It’s possible to make too much of this. While this story confirms how insouciant Hillary Clinton was about endangering classified information on the poorly secured server, we already knew that. And insouciance isn’t necessarily a knowing violation of law. Secretary Clinton may say that she didn’t know the people named in the messages were CIA officers.
Actually, there’s something more troubling and more urgent buried in this story: It could be the FOIA security reviewers themselves who are disclosing CIA identities.
Here’s how: Start with the entirely plausible view that foreign intelligence services discovered and rifled Hillary Clinton’s server. If so, those services already have copies of all her emails. But the emails don’t tell the foreign service which people named in her traffic are Agency officers. For CIA officers serving abroad as State Department officials, being named in the Secretary of State’s email traffic won’t necessarily blow their cover.
Until now. Unhappily, the classification reviewers seem to have given a key to anyone who has the unredacted messages by using “B3 CIA PERS/ORG” whenever they redact names associated with the CIA. So if the foreign service simply compares the messages stolen from the Clinton server to the redacted message released by the government — presto! — the CIA names just fall off the page.
Why did the reviewers do that? Two possibilities occur to me. (1) Maybe they have absolute confidence that no foreign agency was able to obtain access to the unredacted messages, in which case their invocation of “B3 CIA PERS/ORG” is perfectly safe. Or (2) maybe they’re just doing their job the way they’ve always done it, flagging every applicable FOIA exemption for the sake of completeness, without giving any thought to the risks created by that policy in this particular case.
My money is on the second explanation.
If so, the current procedure is boneheaded, and every new FOIA release adds to the risk for CIA employees.

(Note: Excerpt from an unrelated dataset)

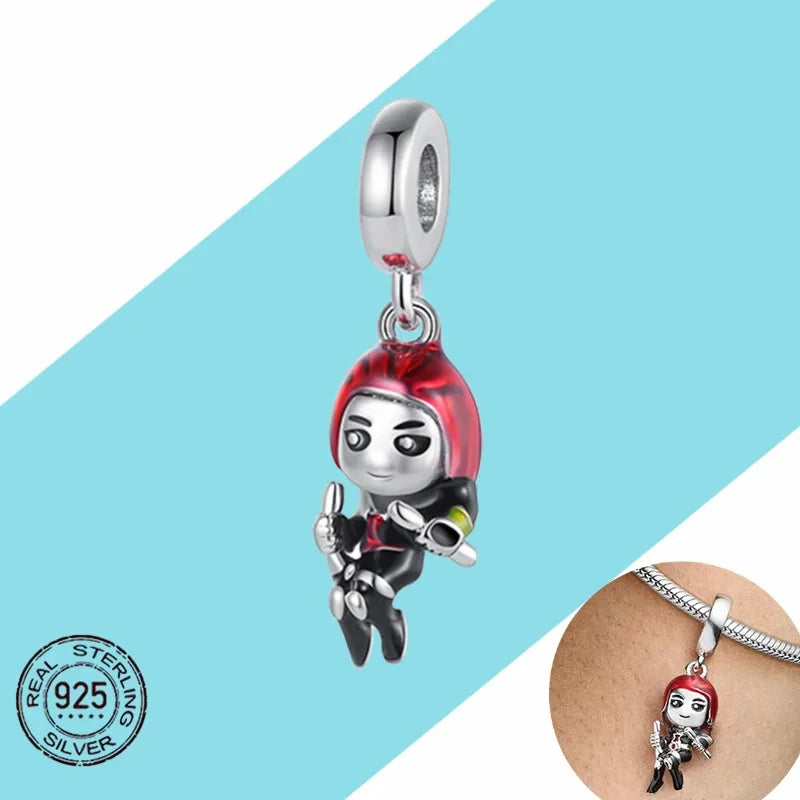 MINISOC 925 Silver Bracelet Charm With Zircon Exquisite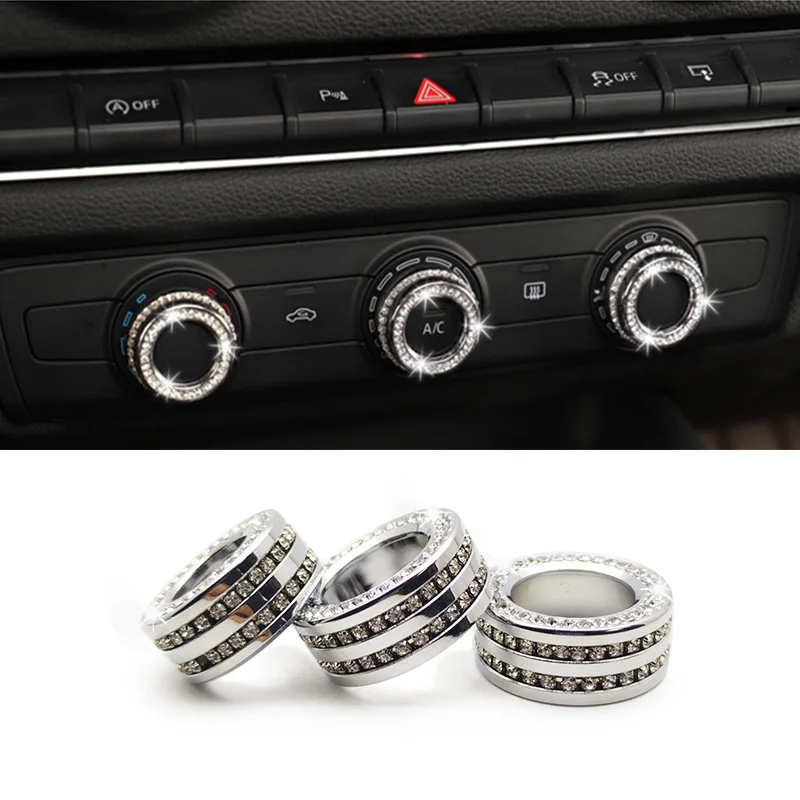 

FOR Audi A3 Air conditioning diamond inlaid water drill Audio knob Diamond inlaid car interior modification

Here’s my suggestion: The classification review team, and if necessary the court overseeing the review team, should make an immediate judgment about whether a prior foreign compromise of the messages is likely or possible. If it is, the government should stop relying on “B3 CIA PERS/ORG” as a ground for redaction. Right away. And if possible, the government and the plaintiffs should delete any references to that exemption in redacted messages that have not yet been released publicly.